PROBLEM REQUIREMENTS
Once you find the line with "Because there are" in the data below, transcribe exactly each line from there to the line with "Today I'm reviewing", inclusive, and nothing else. Drop the pictures.

━━ EXERCISE DATA ━━

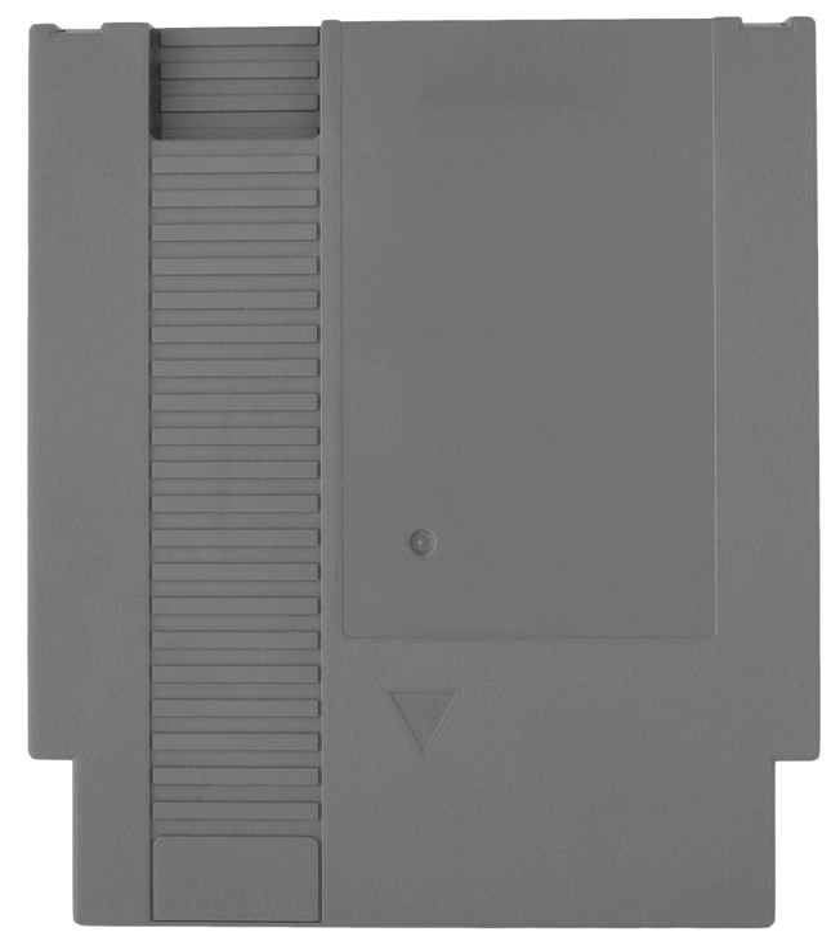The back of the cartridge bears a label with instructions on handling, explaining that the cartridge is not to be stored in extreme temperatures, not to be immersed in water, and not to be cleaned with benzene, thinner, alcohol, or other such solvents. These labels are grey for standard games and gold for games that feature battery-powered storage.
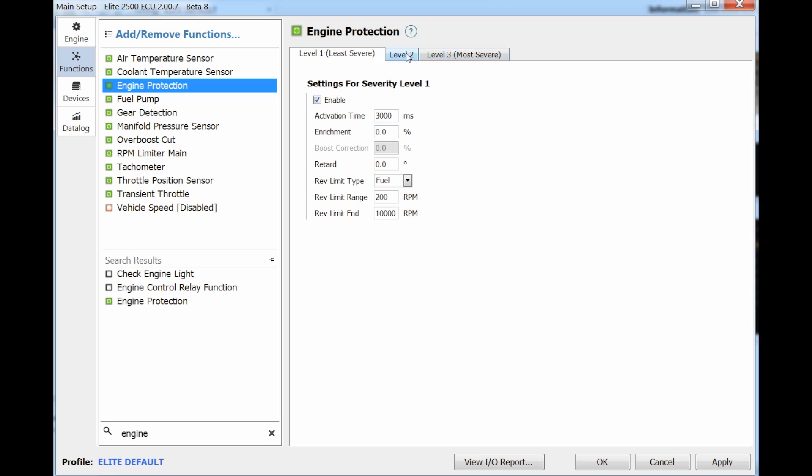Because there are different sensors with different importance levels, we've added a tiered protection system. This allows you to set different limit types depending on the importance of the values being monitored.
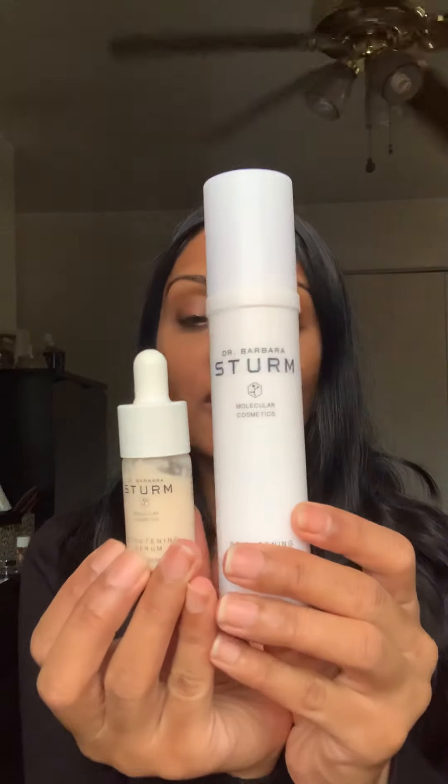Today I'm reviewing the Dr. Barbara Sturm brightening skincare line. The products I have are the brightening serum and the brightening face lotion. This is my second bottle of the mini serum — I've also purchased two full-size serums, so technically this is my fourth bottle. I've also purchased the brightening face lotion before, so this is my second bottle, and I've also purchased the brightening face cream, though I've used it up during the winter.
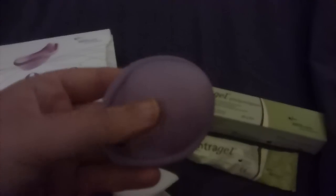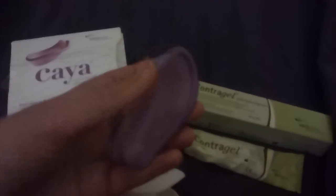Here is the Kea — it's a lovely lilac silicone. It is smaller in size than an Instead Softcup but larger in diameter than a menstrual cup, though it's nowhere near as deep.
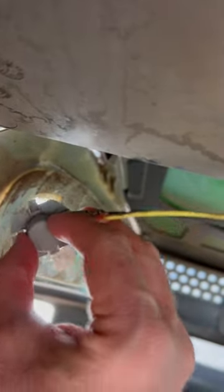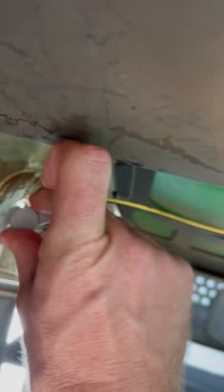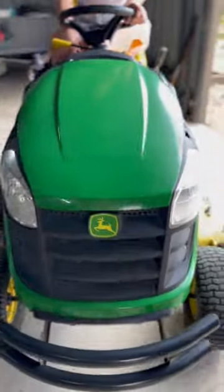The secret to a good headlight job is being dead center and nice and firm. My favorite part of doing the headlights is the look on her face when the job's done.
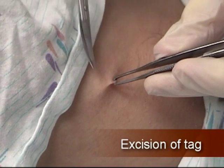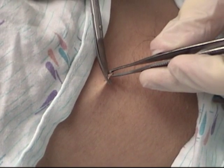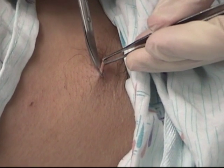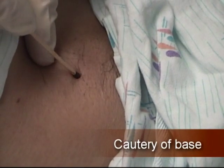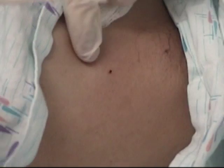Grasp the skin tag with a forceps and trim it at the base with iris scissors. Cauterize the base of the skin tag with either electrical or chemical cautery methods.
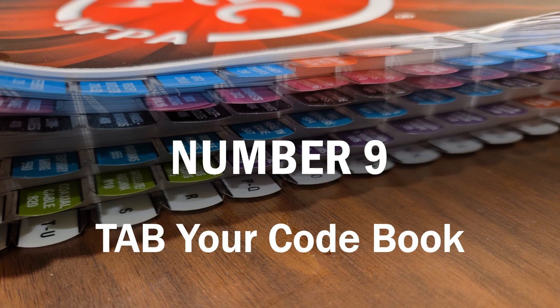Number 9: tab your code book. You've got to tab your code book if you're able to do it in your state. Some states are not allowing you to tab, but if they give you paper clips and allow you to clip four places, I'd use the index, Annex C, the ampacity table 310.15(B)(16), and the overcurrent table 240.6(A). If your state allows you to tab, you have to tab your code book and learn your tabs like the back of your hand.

━━━

TASK RESPONSE
Because there are different sensors with different importance levels, we've added a tiered protection system. This allows you to set different limit types depending on the importance of the values being monitored.
Today I'm reviewing the Dr. Barbara Sturm brightening skincare line. The products I have are the brightening serum and the brightening face lotion. This is my second bottle of the mini serum — I've also purchased two full-size serums, so technically this is my fourth bottle. I've also purchased the brightening face lotion before, so this is my second bottle, and I've also purchased the brightening face cream, though I've used it up during the winter.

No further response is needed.